Dynamic identifying protein functional modules based on adaptive density modularity in protein-protein interaction networks

Abstract

Background: The identification of protein functional modules would be a great aid in furthering our knowledge of the principles of cellular organization. Most existing algorithms for identifying protein functional modules have a common defect - once a protein node is assigned to a functional module, there is no chance to move the protein to the other functional modules during the follow-up processes, which lead the erroneous partitioning occurred at previous step to accumulate till to the end. Results: In this paper, we design a new algorithm ADM (Adaptive Density Modularity) to detect protein functional modules based on adaptive density modularity. In ADM algorithm, according to the comparison between external closely associated degree and internal closely associated degree, the partitioning of a protein-protein interaction network into functional modules always evolves quickly to increase the density modularity of the network.

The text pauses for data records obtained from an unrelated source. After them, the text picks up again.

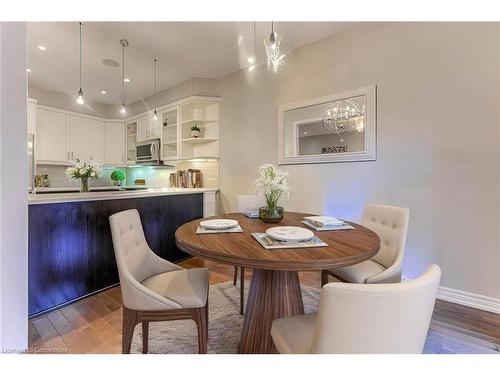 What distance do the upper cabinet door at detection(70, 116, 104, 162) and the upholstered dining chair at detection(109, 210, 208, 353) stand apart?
3799 millimetres

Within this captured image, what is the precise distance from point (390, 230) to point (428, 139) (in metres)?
1.02

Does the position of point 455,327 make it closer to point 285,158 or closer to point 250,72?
point 285,158

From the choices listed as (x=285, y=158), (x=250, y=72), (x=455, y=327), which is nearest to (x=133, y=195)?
(x=285, y=158)

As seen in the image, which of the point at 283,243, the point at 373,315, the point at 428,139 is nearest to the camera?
the point at 373,315

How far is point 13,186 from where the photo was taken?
4.13 ft

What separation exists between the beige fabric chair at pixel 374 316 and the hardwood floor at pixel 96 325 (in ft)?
4.78

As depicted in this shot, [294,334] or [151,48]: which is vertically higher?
[151,48]

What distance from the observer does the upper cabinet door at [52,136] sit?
392 cm

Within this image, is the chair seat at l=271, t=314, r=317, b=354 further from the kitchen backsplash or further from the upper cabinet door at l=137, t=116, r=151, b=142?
the upper cabinet door at l=137, t=116, r=151, b=142

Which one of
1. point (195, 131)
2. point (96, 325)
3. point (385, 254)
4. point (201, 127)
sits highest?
point (201, 127)

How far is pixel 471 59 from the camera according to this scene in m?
1.82

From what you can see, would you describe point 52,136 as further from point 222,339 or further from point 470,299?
point 470,299

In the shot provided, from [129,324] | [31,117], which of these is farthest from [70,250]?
[31,117]

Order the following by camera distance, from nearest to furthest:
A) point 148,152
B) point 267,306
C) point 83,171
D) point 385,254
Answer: point 267,306, point 385,254, point 83,171, point 148,152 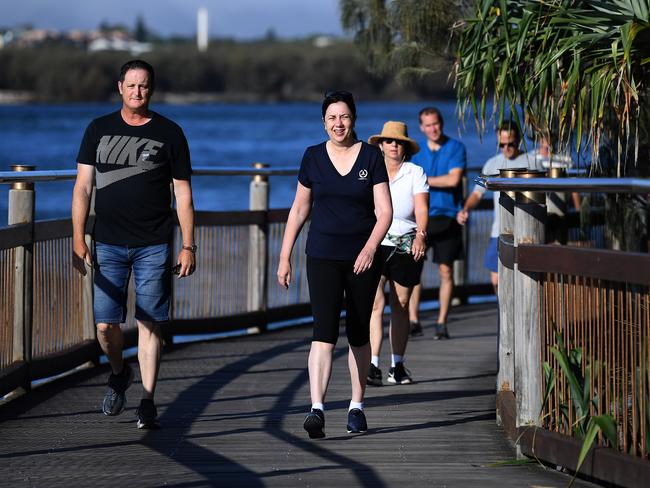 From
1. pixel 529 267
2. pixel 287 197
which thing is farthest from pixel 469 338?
pixel 287 197

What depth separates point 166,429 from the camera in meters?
7.05

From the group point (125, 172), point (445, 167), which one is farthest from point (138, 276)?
point (445, 167)

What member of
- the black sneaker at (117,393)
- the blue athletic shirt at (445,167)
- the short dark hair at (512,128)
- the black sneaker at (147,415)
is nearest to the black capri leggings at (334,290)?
the black sneaker at (147,415)

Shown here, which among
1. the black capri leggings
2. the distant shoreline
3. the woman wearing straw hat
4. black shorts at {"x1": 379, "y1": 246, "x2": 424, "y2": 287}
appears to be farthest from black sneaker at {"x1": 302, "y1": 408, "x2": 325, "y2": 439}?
the distant shoreline

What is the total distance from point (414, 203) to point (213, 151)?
59.2 meters

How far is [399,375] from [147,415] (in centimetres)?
212

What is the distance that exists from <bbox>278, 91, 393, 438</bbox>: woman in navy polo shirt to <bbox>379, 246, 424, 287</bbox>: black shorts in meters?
1.63

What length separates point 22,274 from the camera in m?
7.98

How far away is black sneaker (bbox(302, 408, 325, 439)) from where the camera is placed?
6.73 meters

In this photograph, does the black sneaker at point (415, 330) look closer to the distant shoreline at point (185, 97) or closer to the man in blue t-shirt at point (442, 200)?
the man in blue t-shirt at point (442, 200)

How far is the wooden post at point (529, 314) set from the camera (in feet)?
20.2

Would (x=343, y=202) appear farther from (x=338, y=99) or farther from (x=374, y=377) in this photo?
(x=374, y=377)

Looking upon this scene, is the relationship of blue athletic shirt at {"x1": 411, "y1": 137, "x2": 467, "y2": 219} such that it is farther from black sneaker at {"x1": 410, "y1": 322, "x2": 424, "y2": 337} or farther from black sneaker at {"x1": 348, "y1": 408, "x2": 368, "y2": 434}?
black sneaker at {"x1": 348, "y1": 408, "x2": 368, "y2": 434}

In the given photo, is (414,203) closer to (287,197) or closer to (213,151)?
(287,197) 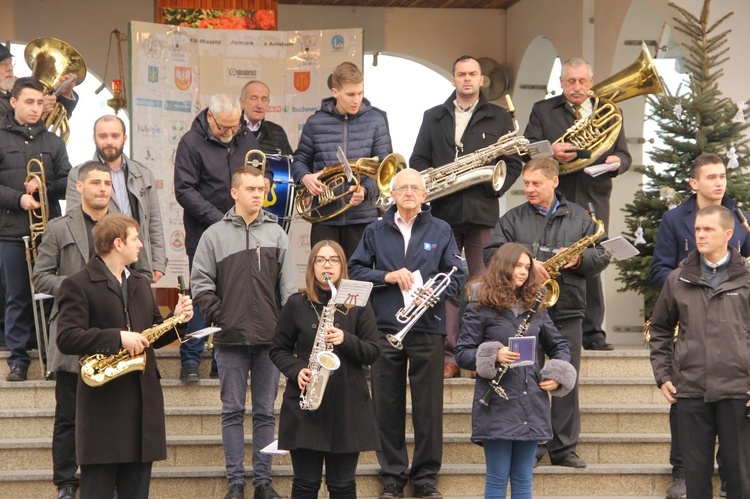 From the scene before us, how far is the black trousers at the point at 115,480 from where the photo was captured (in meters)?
5.74

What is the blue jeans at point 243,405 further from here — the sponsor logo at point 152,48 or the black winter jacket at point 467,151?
the sponsor logo at point 152,48

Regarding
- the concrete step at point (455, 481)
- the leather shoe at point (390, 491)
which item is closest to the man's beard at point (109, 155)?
the concrete step at point (455, 481)

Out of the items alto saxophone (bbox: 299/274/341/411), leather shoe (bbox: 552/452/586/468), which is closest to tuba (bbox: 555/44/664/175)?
leather shoe (bbox: 552/452/586/468)

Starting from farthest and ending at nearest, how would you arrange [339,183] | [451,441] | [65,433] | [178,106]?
1. [178,106]
2. [339,183]
3. [451,441]
4. [65,433]

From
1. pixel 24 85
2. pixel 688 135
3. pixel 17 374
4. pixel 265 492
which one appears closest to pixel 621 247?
pixel 265 492

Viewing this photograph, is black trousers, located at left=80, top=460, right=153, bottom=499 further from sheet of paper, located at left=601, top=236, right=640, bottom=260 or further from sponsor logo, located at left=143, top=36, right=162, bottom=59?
sponsor logo, located at left=143, top=36, right=162, bottom=59

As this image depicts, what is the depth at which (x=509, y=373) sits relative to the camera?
6.30 m

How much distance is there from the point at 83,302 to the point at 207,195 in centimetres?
250

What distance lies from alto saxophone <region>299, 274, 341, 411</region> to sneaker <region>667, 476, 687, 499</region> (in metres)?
2.68

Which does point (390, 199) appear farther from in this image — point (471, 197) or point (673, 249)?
point (673, 249)

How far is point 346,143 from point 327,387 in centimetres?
262

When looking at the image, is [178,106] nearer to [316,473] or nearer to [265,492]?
[265,492]

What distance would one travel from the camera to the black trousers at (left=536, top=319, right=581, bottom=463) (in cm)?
741

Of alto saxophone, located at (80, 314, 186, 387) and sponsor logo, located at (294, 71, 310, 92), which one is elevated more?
sponsor logo, located at (294, 71, 310, 92) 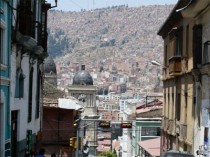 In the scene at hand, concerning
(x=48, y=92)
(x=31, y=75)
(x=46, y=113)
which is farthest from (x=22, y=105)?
(x=48, y=92)

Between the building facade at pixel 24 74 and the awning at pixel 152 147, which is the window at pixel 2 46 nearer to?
the building facade at pixel 24 74

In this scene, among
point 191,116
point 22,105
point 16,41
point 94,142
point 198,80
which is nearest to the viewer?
point 16,41

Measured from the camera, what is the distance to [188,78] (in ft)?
86.7

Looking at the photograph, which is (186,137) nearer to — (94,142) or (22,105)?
(22,105)

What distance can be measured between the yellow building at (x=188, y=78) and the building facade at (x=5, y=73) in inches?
310

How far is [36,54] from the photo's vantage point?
69.5 ft

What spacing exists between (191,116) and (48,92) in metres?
19.2

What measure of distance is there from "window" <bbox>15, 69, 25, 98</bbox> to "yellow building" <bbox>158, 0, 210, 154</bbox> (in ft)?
21.5

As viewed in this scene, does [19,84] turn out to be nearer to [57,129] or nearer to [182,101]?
[182,101]

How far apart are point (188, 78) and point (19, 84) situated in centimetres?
1005

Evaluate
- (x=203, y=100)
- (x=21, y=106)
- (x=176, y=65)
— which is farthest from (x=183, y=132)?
(x=21, y=106)

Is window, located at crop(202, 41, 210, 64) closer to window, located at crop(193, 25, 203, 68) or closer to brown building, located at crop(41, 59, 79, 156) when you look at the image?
window, located at crop(193, 25, 203, 68)

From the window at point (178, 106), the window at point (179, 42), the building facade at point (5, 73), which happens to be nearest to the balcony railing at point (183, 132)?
the window at point (178, 106)

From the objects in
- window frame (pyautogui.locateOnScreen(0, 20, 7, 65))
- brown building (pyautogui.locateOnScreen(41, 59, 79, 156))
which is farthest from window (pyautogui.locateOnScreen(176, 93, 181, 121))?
window frame (pyautogui.locateOnScreen(0, 20, 7, 65)) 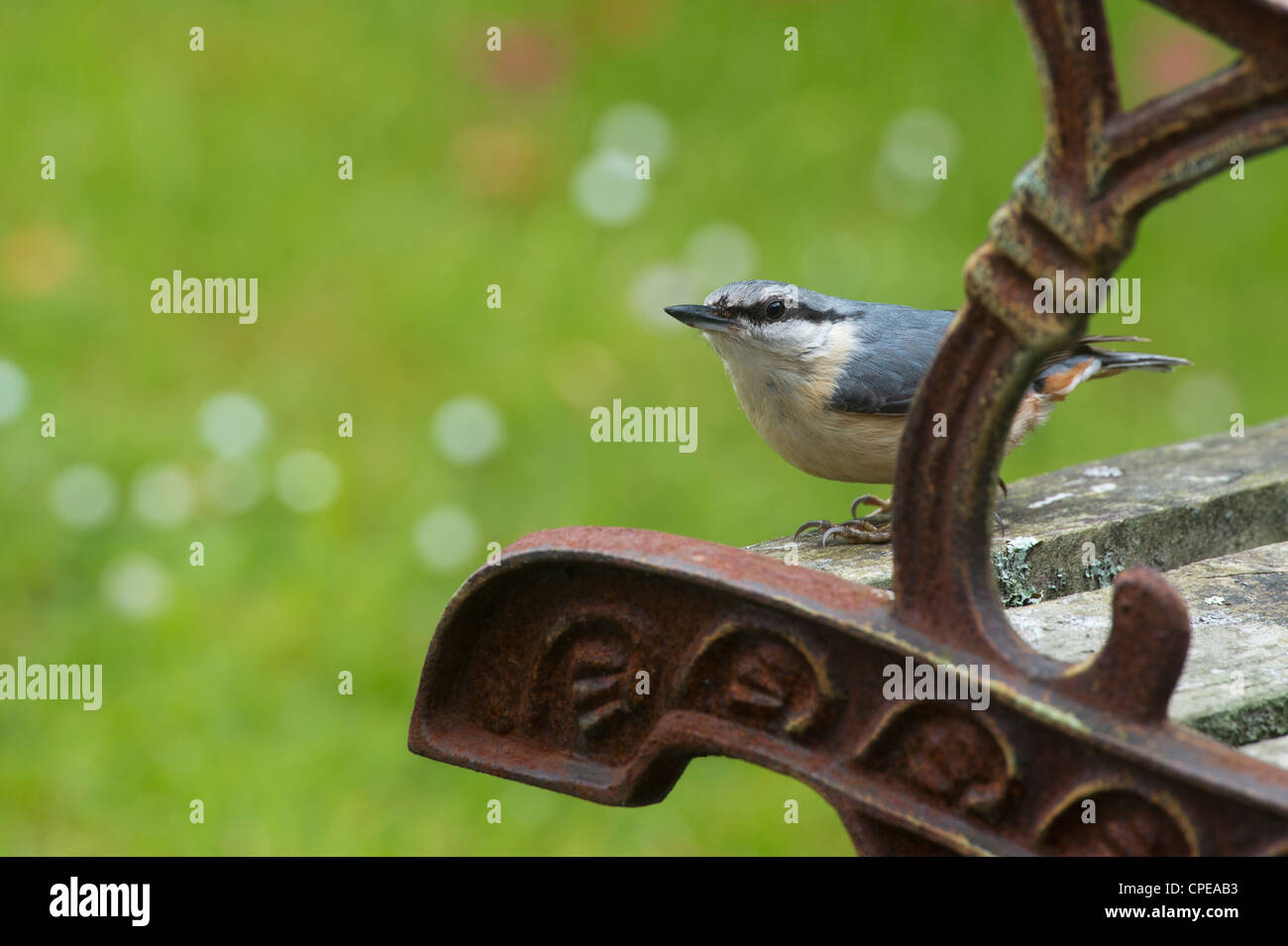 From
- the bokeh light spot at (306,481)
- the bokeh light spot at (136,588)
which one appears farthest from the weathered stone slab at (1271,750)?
the bokeh light spot at (306,481)

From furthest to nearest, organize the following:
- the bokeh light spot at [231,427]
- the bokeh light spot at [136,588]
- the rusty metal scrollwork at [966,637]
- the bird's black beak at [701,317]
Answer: the bokeh light spot at [231,427] < the bokeh light spot at [136,588] < the bird's black beak at [701,317] < the rusty metal scrollwork at [966,637]

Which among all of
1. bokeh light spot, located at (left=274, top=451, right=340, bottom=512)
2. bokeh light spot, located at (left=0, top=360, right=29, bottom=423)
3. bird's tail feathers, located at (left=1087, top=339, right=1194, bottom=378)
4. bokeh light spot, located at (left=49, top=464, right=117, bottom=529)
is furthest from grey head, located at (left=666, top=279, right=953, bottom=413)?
bokeh light spot, located at (left=0, top=360, right=29, bottom=423)

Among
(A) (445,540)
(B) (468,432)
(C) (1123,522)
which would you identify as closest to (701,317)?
(C) (1123,522)

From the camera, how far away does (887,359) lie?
9.94 ft

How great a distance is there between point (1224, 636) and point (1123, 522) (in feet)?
1.40

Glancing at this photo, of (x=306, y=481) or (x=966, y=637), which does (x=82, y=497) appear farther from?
(x=966, y=637)

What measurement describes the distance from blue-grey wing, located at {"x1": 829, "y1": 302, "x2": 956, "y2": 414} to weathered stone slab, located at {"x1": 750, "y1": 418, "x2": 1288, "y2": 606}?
0.61 metres

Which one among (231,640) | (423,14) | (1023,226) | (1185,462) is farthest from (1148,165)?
(423,14)

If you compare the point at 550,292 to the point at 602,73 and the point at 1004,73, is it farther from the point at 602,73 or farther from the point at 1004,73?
the point at 1004,73

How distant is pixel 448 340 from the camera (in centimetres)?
490

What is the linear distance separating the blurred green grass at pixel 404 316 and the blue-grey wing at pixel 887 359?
107 cm

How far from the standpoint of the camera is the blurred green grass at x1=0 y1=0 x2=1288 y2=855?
366 centimetres

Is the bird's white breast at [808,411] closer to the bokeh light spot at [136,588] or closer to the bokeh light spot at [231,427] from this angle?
the bokeh light spot at [136,588]

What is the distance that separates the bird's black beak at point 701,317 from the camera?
277 centimetres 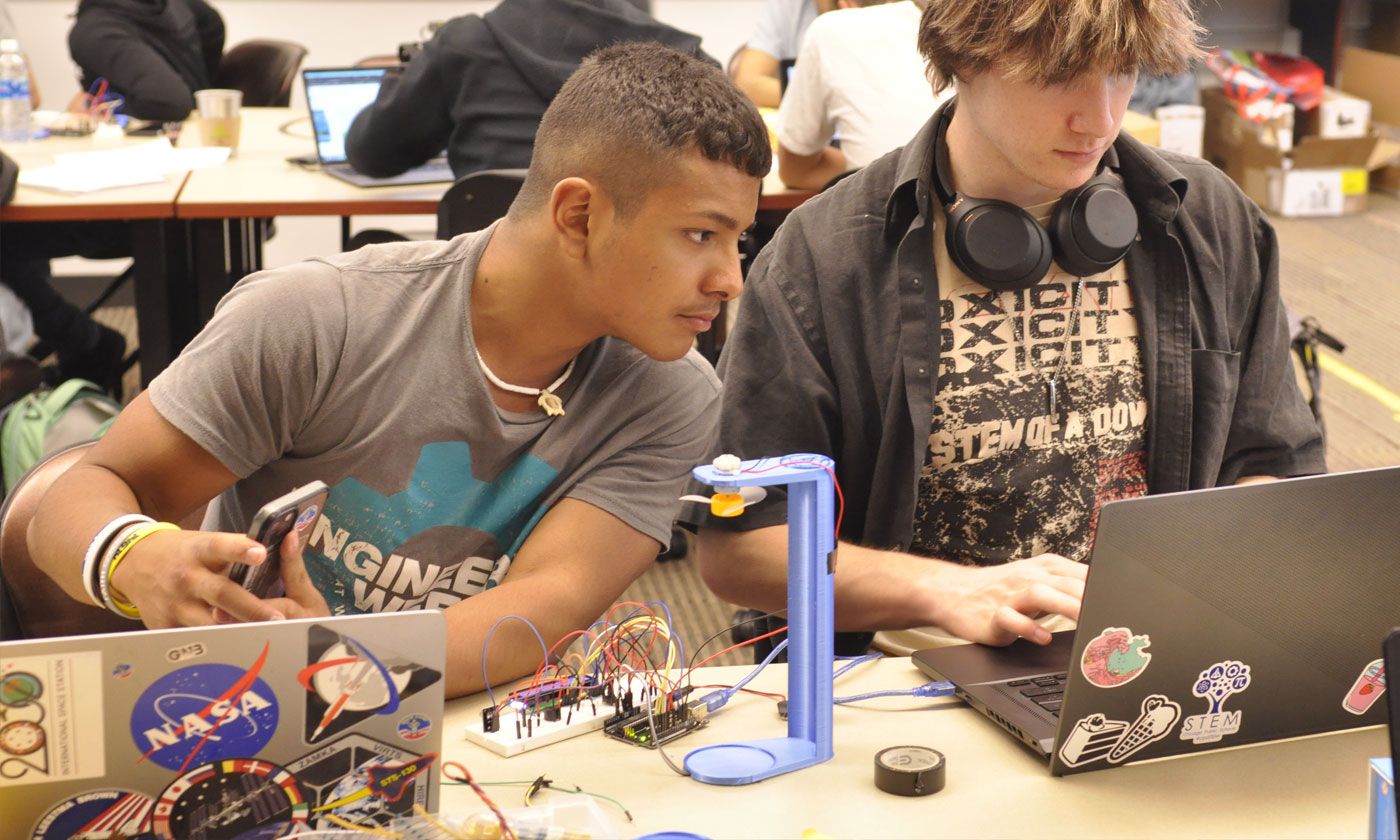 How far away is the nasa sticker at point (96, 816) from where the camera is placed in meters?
0.86

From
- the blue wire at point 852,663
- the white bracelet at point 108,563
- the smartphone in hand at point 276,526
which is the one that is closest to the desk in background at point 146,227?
the white bracelet at point 108,563

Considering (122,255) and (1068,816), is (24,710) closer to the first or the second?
(1068,816)

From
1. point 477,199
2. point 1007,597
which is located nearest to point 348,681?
point 1007,597

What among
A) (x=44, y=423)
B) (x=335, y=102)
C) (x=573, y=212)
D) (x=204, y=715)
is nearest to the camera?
(x=204, y=715)

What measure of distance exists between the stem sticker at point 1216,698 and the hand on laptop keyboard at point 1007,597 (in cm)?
14

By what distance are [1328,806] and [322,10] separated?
5.16 metres

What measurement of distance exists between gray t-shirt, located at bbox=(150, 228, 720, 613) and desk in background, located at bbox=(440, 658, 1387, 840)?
0.92 feet

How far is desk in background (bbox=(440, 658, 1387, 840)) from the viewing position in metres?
0.97

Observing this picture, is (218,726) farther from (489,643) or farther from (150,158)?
(150,158)

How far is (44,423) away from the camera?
252 centimetres

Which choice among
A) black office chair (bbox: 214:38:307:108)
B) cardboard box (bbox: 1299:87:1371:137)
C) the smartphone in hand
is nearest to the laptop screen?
black office chair (bbox: 214:38:307:108)

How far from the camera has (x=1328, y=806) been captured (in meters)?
1.00

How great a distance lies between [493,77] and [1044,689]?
1.92 m

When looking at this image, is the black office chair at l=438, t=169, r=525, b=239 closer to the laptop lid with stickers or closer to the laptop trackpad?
the laptop trackpad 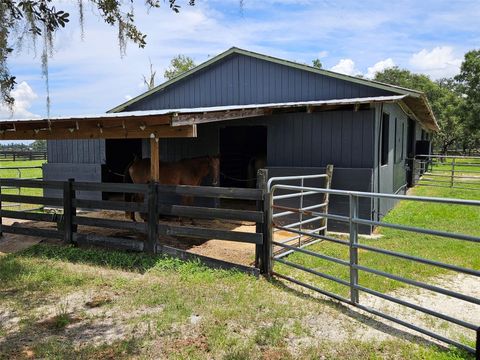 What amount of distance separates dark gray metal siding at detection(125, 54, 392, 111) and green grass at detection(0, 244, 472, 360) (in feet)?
19.8

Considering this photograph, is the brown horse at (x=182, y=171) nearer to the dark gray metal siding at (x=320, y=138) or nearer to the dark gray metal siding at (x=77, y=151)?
the dark gray metal siding at (x=320, y=138)

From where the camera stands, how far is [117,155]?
532 inches

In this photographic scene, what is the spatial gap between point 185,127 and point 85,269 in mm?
2570

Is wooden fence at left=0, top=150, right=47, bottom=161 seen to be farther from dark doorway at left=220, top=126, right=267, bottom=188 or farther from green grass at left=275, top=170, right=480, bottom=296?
green grass at left=275, top=170, right=480, bottom=296

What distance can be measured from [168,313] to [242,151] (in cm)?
1067

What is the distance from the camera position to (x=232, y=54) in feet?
37.7

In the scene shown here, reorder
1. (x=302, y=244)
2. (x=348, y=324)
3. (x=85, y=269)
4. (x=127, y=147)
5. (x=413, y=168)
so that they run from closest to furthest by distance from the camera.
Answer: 1. (x=348, y=324)
2. (x=85, y=269)
3. (x=302, y=244)
4. (x=127, y=147)
5. (x=413, y=168)

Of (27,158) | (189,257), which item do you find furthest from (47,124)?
(27,158)

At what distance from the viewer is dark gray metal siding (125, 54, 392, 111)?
10.1m

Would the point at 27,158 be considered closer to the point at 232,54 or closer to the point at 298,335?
the point at 232,54

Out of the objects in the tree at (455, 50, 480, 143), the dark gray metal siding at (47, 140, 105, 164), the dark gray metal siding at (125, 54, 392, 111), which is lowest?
the dark gray metal siding at (47, 140, 105, 164)

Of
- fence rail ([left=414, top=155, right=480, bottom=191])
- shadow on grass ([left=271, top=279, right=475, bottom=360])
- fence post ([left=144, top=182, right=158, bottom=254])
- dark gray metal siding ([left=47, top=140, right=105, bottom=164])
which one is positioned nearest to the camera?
shadow on grass ([left=271, top=279, right=475, bottom=360])

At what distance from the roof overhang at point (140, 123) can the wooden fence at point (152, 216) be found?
34.5 inches

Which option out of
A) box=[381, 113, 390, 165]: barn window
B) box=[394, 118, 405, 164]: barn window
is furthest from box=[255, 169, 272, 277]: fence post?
box=[394, 118, 405, 164]: barn window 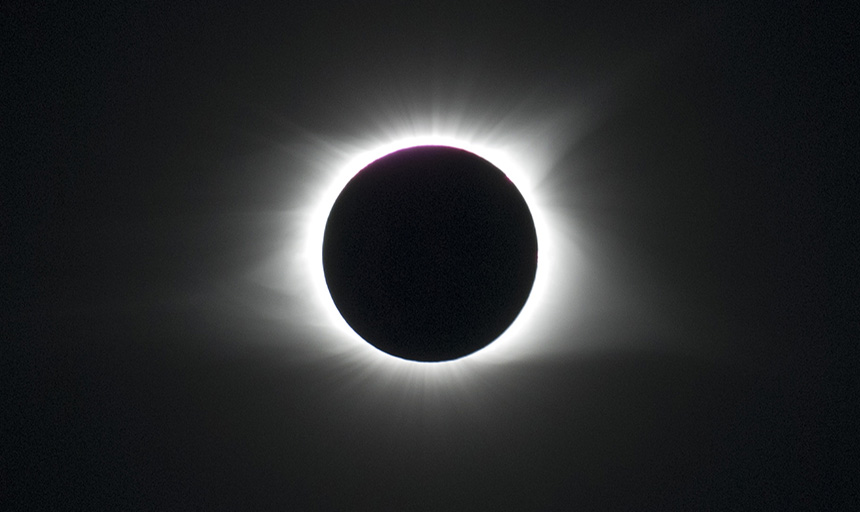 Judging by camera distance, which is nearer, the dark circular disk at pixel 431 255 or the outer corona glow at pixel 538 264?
the dark circular disk at pixel 431 255

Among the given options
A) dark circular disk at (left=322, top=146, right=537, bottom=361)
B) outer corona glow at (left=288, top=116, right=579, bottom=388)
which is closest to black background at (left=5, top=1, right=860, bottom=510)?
outer corona glow at (left=288, top=116, right=579, bottom=388)

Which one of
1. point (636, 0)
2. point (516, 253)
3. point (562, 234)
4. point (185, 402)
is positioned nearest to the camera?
point (516, 253)

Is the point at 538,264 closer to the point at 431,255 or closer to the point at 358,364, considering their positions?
the point at 431,255

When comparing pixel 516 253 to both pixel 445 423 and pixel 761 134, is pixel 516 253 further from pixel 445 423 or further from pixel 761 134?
pixel 761 134

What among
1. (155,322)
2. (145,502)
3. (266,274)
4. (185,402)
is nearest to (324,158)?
(266,274)

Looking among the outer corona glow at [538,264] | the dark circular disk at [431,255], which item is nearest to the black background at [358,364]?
the outer corona glow at [538,264]

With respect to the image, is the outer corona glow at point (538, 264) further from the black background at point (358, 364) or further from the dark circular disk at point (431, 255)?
the dark circular disk at point (431, 255)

The integration of density modularity into the new algorithm not only overcomes the drawback mentioned above, but also contributes to identifying protein functional modules more effectively. Conclusions: The experimental result reveals that the performance of ADM algorithm is superior to many state-of-the-art protein functional modules detection techniques in aspect of the accuracy of prediction. Moreover, the identified protein functional modules are statistically significant in terms of "Biological Process" annotated in Gene Ontology, which provides substantial support for revealing the principles of cellular organization.